On a basic level, Christians can easily grasp (once they apply themselves to do so) the profound differences between an image-oriented culture and a word-oriented culture. Each produces a different kind of man. But Postman helps us see how, on more subtle levels, "hidden technologies" can profoundly touch or alter our very thought structures and our perception of reality.
Mr. Postman provides many examples (he alludes "time" and again to Lewis Mumford's great example, the clock), but one he did not mention is of particular concern to us: chapters and verses in the Bible. These most definitely qualify as helpful technologies. But they should never have been blithely accepted. Our acceptance ought to have been accompanied by a healthy awareness of what chapters and verses demand of readers. We should have employed them only with warnings that readers must ever have a permanent, transcendent distrust of chapters and verses, for they can and do impact our very hearing of God's Word. Unqualified acceptance of the technology of chapters and verses has had a seismic impact on the church of Jesus Christ.
I have a theory: that chapters and verses all the good they've done notwithstanding became the technology which helped create Baptistic theology and thus hastened the eradication of covenant from our collective Christian consciousness.
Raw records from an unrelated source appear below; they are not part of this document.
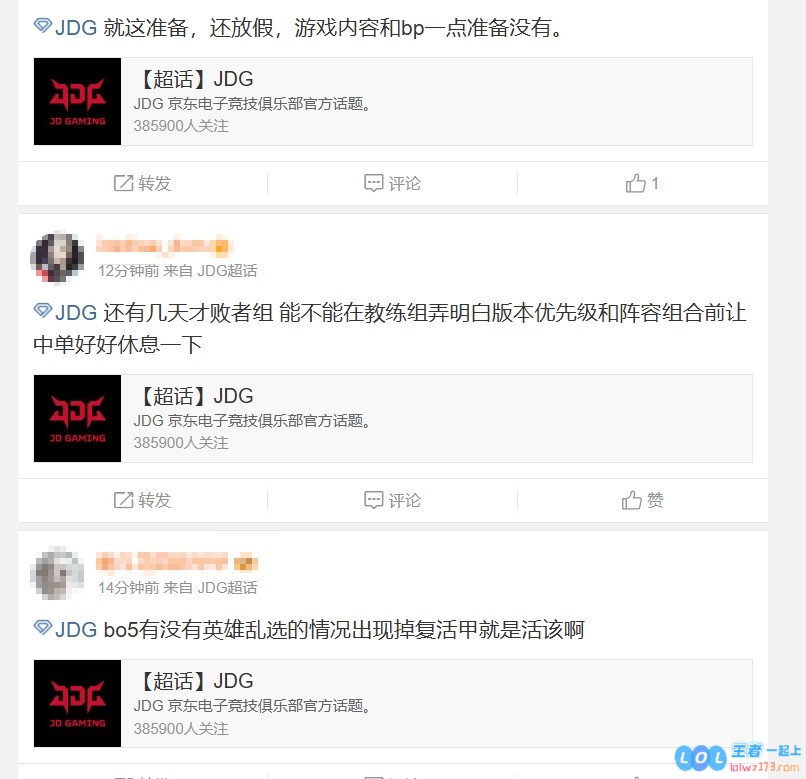 JDG超话强烈质疑不敌WBG的原因：难道你们是偷偷与T1闭门苦练，才发挥得如此相似吗？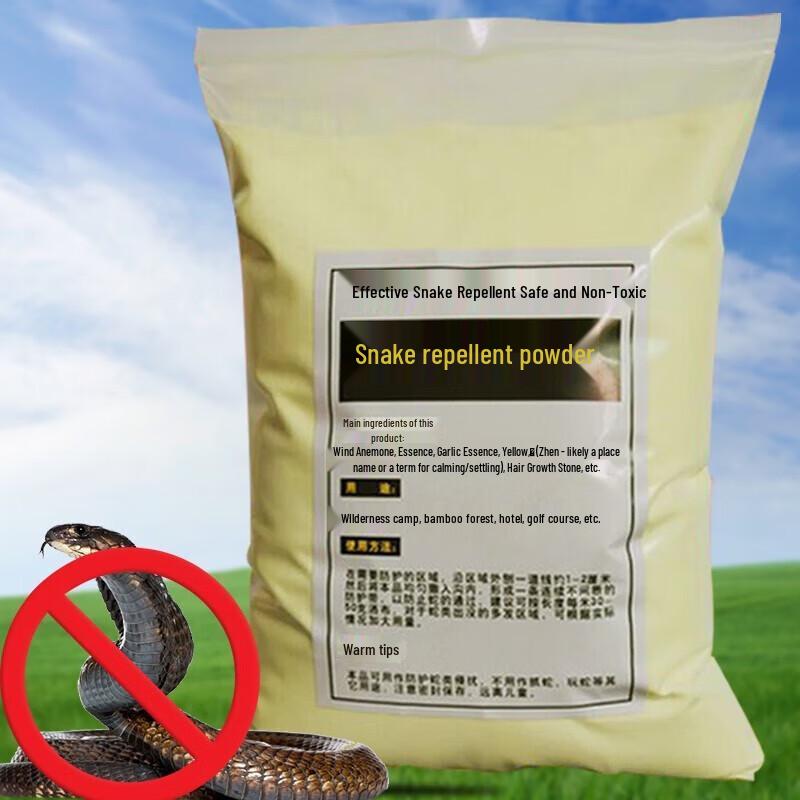 XINAISHI Outdoor Snake Repellent Powder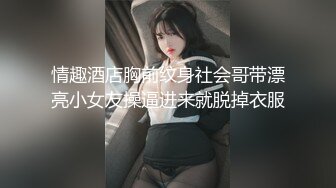 【源码录制】七彩主播【超敏感少女】5月3号-6月8号直播录播☑️黄发气质美女☑️家中做爱炮火连天☑️【154V】 (11)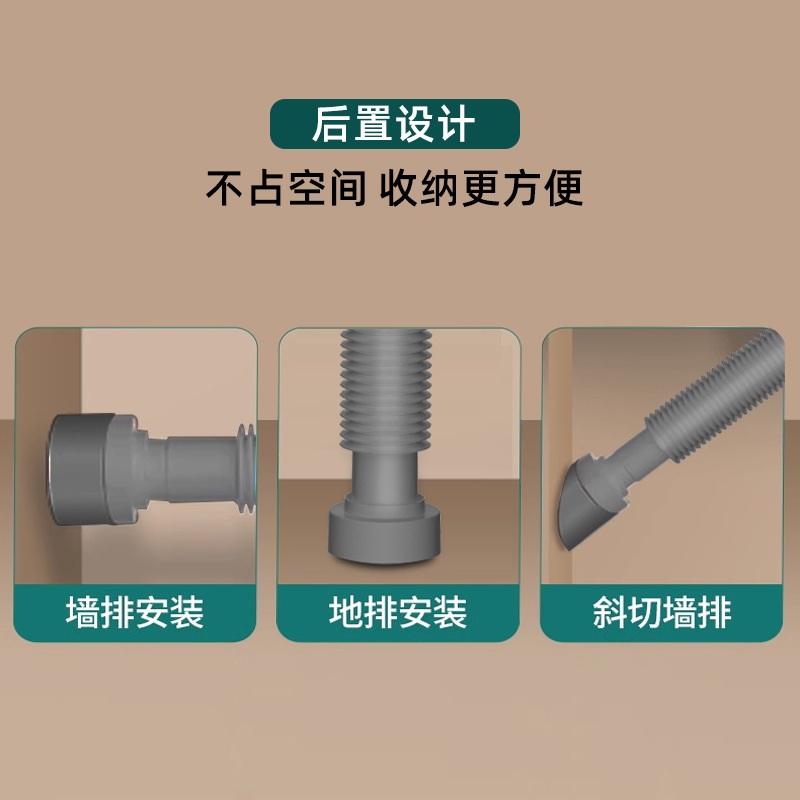 洗手盆弹跳芯下水器面盆卫浴防堵批发器下水套装防臭下水管卫生间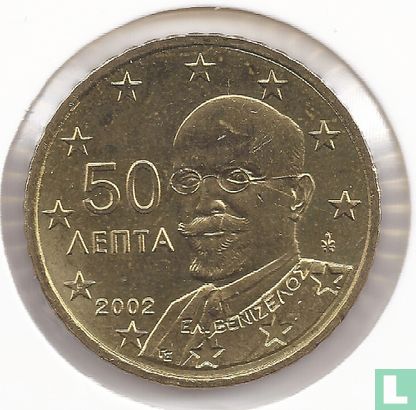 Griechenland 50 Cent 2002 (F) - Bild 1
The Word and the covenant became divided. We have come to think, "And God created verses, and there was one and there was two, and it was so." I sometimes fear that the whole Christian world has become Baptistic! I know I overstate. But have we not actually come to think that God has given us His Word in verses? Do we not respond to do we not demand prooftexting as if it were actual proof? Do we not approach the Bible as if it were composed of thousands of discrete propositions? Has not the technology of chapters and verses altered our very approach to God's Word? Form very often determines function; minimally, the medium massages the message.
Proof-texting as a Presupposition
When we look at the Word of God as a collection of verses, we have already made a determination about its power and its place in our lives and thought. Chapter and verse divisions have facilitated a particular approach to Scripture wherein its message is manipulated to conform to our structural expectations. One theologian, though drawing no connection between the technology of verses and the consciousness of readers, nevertheless came close to articulating the problem I am concerned with here. Speaking of differences between Jewish and Christian conceptions of the Word of God, he noted that pious Jews in the Biblical era heard the Word of God in a covenantal context: they heard it as a Word coming with active power from the God who had entered into a sui generis (unique) relationship with His people. For many modern Christians, however, "The Word of God seems to interest them only to the extent that it reveals certain truths: "These 'truths' themselves are conceived as separate doctrinal statements, and the Word of God finally is reduced to a collection of formulas. Whether we realize it or not, the result is that the Word of God appears as a sort of nondescript hodgepodge from which the professional theologian extracts, like a mineral out of its matrix, small but precious bits of knowledge which it is his job to clarify and systematize."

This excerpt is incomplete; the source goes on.